Dans ses décomptes, l'intimé a repris, année après année, le quantum des salaires qui auraient dû lui être versés en en déduisant les sommes perçues.
S'agissant de la perte de salaire liée au retard dans l'avancement, il sera rappelé qu'à la SNCF ce dernier n'est pas soumis au pouvoir discrétionnaire de l'employeur, mais est automatique en application de la réglementation en vigueur. Ainsi M. [M] aurait dû être nommé à la position 14 puis à la position 15. Le juge de l'exécution a justement relevé que le retard dans l'avancement constitue un élément du salaire et que ledit retard découle nécessairement de la décision d'inaptitude qui avait été prise à l'encontre de M. [M]. Par contre, il a réduit les sommes dues sur ce poste de créance, motif pris de ce qu'il y avait lieu de prendre en compte les arrêts maladie. Ces derniers entraînent la suspension du contrat de travail et la durée correspondante n'a donc pas à être prise en compte s'agissant de l'avancement du salarié, de même d'ailleurs qu'elle n'a pas à l'être en ce qui concerne l'ancienneté. C'est donc à juste titre que le jugement a réduit les sommes à proportion (tant au titre du salaire proprement dit que des congés payés y afférents), et l'appel incident de M. [M] sur ce point sera donc rejeté.
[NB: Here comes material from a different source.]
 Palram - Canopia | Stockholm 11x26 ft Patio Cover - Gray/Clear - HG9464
Il convient en conséquence de confirmer le jugement en ce qu'il a rejeté la demande de mainlevée de la saisie-attribution et l'a cantonnée comme indiqué supra.
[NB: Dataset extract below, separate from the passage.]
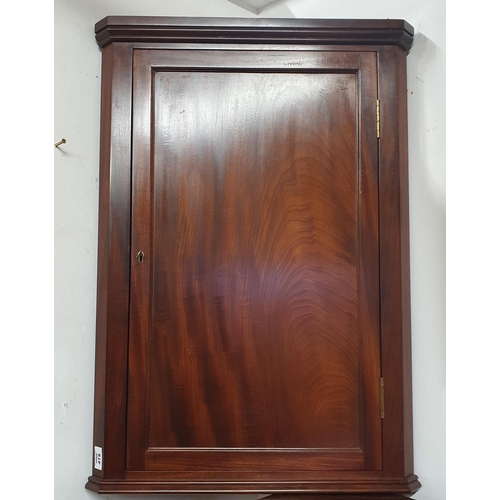 475 - A 19th Century Mahogany wall mounted corner Unit of neat proportions. W 56 x H 77 cm approx.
Le droit d'action ou de défense en justice ne dégénère en abus qu'en cas de malice, mauvaise foi ou erreur grossière, équipollente au dol, de sorte que la condamnation à des dommages-intérêts pour résistance abusive doit se fonder sur la démonstration de l'intention malicieuse et de la conscience d'un acharnement procédural voué à l'échec, sans autre but que de retarder ou de décourager la mise en 'uvre par la partie adverse du projet contesté, en l'espèce le recouvrement des sommes dues. Le principe du droit d'agir implique que la décision judiciaire de retenir le caractère non fondé des prétentions ne suffit pas à caractériser l'abus de l'exercice du droit. En l'espèce, la SA SNCF voyageurs a pu, dans des conditions qui ne démontrent pas un abus, contester le quantum des sommes dues,et ce d'autat plus que de nombreux calculs étaient à faire. Le jugement sera confirmé en ce qu'il a rejeté la demande de dommages et intérêts présentée par M. [M].
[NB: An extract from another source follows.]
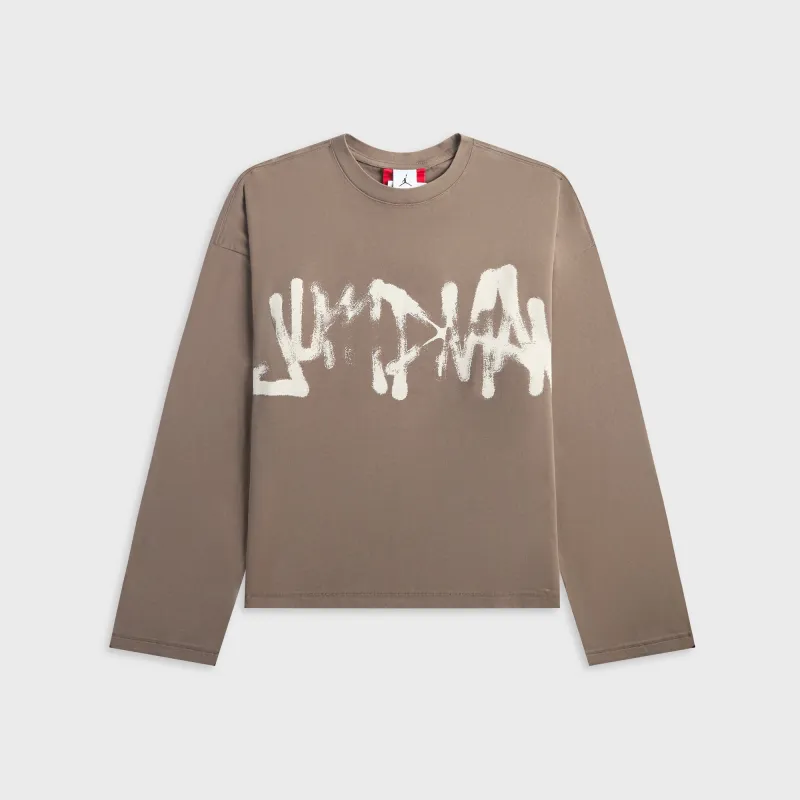 Jordan M J IH Jumpman Longsleeve Tee - Brown sold by Kith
La SA SNCF voyageurs, qui succombe en son appel, sera condamnée au paiement de la somme de 3 000 euros en application de l'article 700 du code de procédure civile, ainsi qu'aux dépens d'appel.
PAR CES MOTIFS
- CONFIRME le jugement en date du 14 juin 2022 ;
- CONDAMNE la SA SNCF voyageurs à payer à M. [K] [M] la somme de 3 000 euros en application de l'article 700 du code de procédure civile ;
-CONDAMNE la SA SNCF voyageurs aux dépens d'appel.